Kōrero: Housing and government

Whārangi 1. Immigration barracks to workers’ dwellings

Ngā whakaahua me ngā rauemi katoa o tēnei kōrero

Immigration barracks

The New Zealand government’s first major housing initiative was to build immigration barracks to accommodate new settlers for a short period while they found their feet and secured employment. Originally colonising companies provided barracks – sometimes belatedly. In 1840 Wellington’s first European settlers lived under canvas while New Zealand Company officials engaged local Māori to erect huts for them to live in. A decade later Canterbury’s pioneer settlers moved straight into barracks beside Lyttelton’s wharf.

With the beginning of self-government in 1854, provincial governments became responsible for immigration and immigration barracks. This responsibility passed to the central government in 1870, when Colonial Treasurer Julius Vogel (later premier) stepped up government-assisted immigration.

Passing through

In 1870s Christchurch all government-assisted immigrants passed through Addington’s immigration barracks. After being declared fit by a doctor, new arrivals had two days to wash and mend clothes before job interviews at the barracks on the third day. On accepting a position, immigrants promptly left. Those who declined to accept the going wage rate were expelled. This was to prevent loafers and malcontents from indulging themselves at the government’s expense.

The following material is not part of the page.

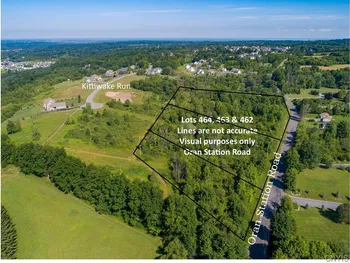 Lot 463 Oran Station Road, Pompey, NY 13104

During their stay immigrants were expected to complete daily chores and abide by the rules. Conditions were basic, but people were well fed and provided for – the government recognised that negative reports could deter future immigrants. In 1874 Harriet Herbert described the Christchurch barracks as ‘a splendid place, so comfortable and everyone so kind to us’.1

With the end of Vogel’s assisted immigration scheme in the late 1880s, the barracks were no longer needed and were either put to other uses or demolished. Since then, most immigrants have found their own accommodation on arrival in New Zealand or have been housed in dedicated refugee camps. In 2010 new refugees spent six weeks at the Māngere Refugee Resettlement Centre learning about New Zealand life before entering the wider community.

Native hostels

From the 1840s Māori regularly visited towns to trade. Pākehā prejudice meant few hoteliers welcomed them as guests. The government therefore built ‘native hostels’ in major towns where visiting Māori could stay free of charge. The Auckland hostel was opened in 1850 in Mechanics Bay. Traders could land their waka (canoes) and quickly transfer their produce to a covered market area outside the hostel. The hostel was well-frequented and survived into the 1930s.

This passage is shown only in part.